**PROBLEM DETAILS**
Please reproduce all entries word for word and omit their pictures.

**GIVEN RECORDS**
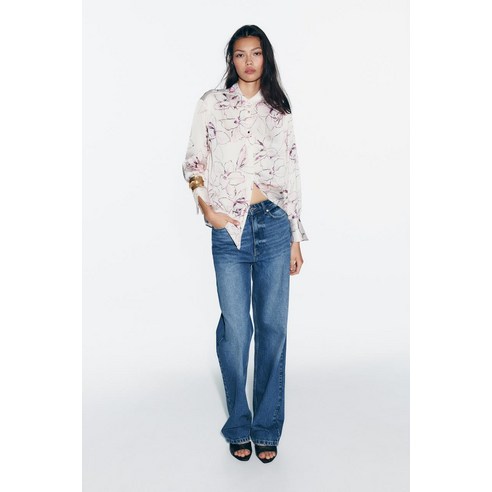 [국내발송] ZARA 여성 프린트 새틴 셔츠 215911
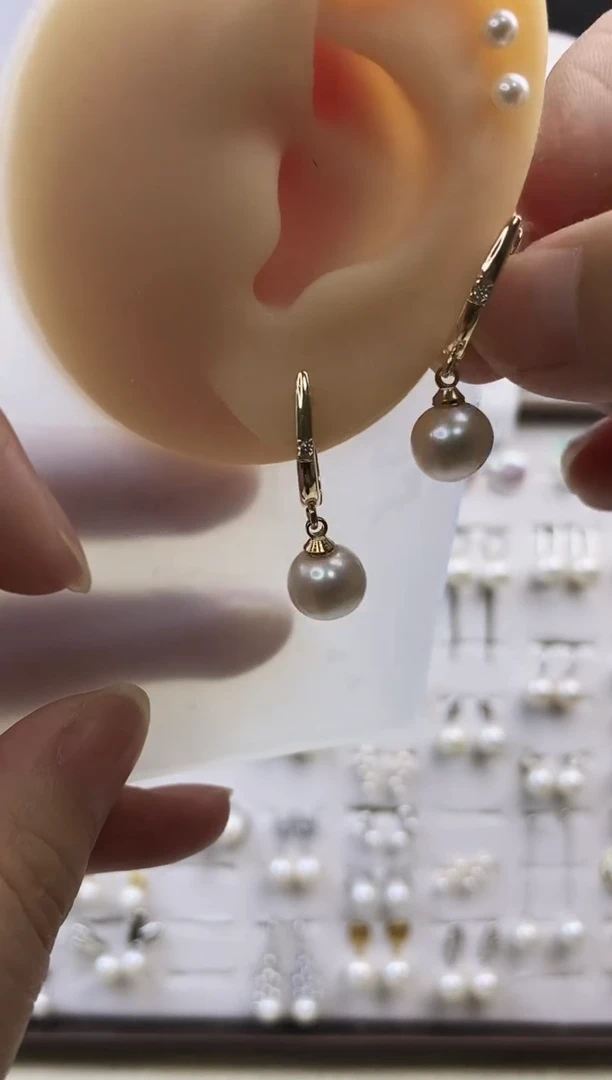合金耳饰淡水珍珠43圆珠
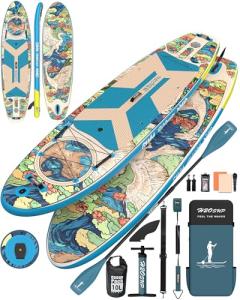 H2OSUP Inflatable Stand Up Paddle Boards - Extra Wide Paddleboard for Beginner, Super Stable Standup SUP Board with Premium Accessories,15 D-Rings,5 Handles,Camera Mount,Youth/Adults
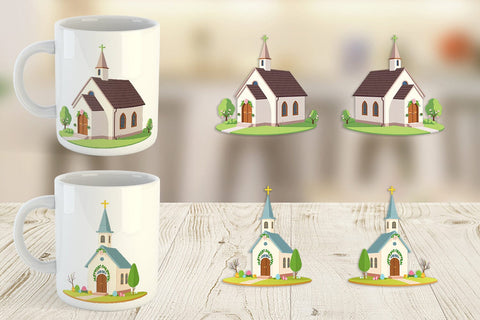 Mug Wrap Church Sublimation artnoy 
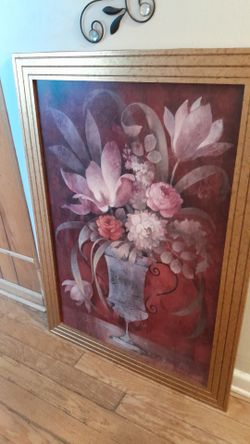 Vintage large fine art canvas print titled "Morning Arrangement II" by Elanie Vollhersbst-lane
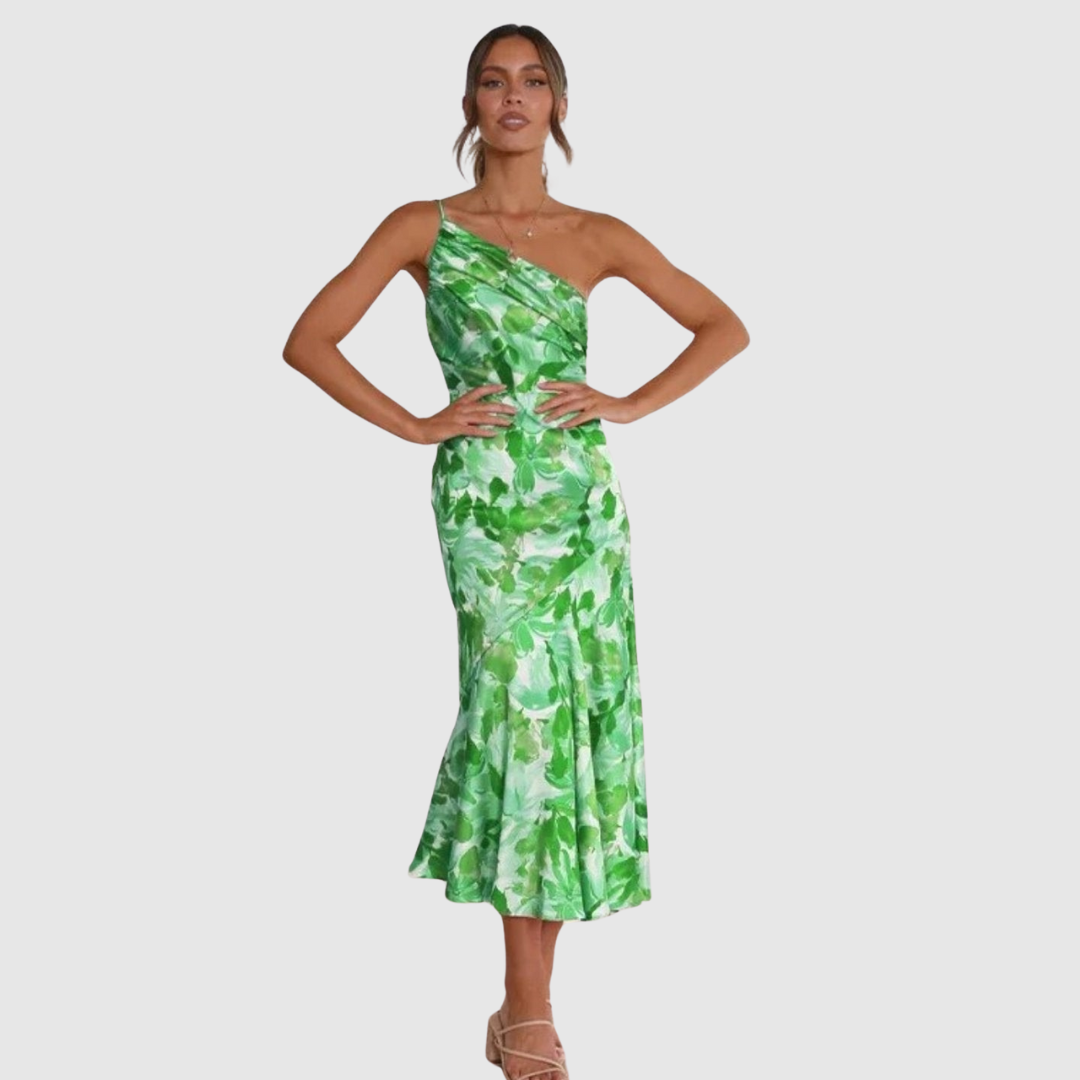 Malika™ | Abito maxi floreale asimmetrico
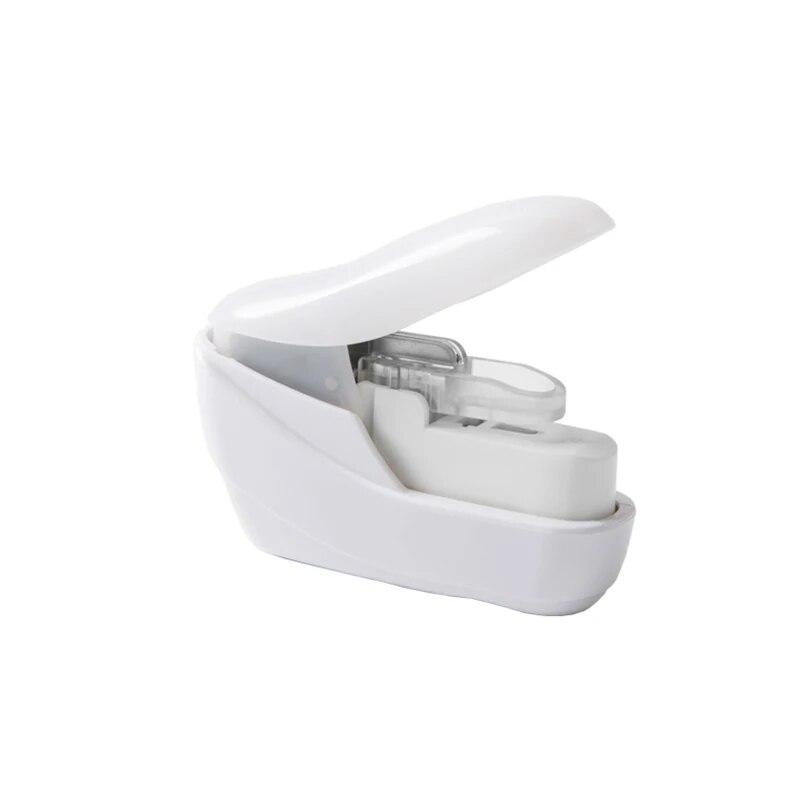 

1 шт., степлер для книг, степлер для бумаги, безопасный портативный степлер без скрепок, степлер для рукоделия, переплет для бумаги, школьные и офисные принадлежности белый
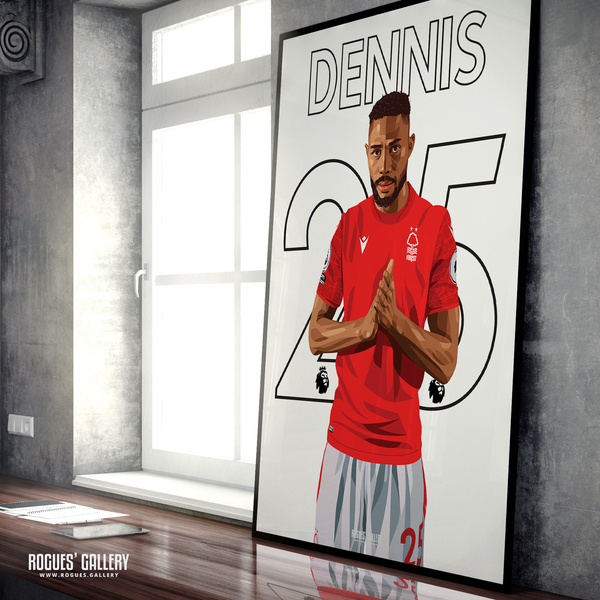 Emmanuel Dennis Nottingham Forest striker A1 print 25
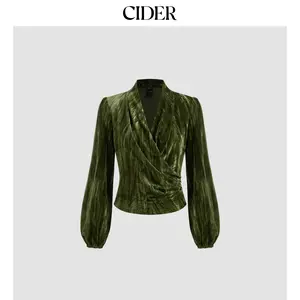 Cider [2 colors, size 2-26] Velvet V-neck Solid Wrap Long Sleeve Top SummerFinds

**RESPONSE TO THIS EXERCISE**
 [국내발송] ZARA 여성 프린트 새틴 셔츠 215911
合金耳饰淡水珍珠43圆珠
 H2OSUP Inflatable Stand Up Paddle Boards - Extra Wide Paddleboard for Beginner, Super Stable Standup SUP Board with Premium Accessories,15 D-Rings,5 Handles,Camera Mount,Youth/Adults
 Mug Wrap Church Sublimation artnoy 
 Vintage large fine art canvas print titled "Morning Arrangement II" by Elanie Vollhersbst-lane
 Malika™ | Abito maxi floreale asimmetrico

1 шт., степлер для книг, степлер для бумаги, безопасный портативный степлер без скрепок, степлер для рукоделия, переплет для бумаги, школьные и офисные принадлежности белый
 Emmanuel Dennis Nottingham Forest striker A1 print 25
 Cider [2 colors, size 2-26] Velvet V-neck Solid Wrap Long Sleeve Top SummerFinds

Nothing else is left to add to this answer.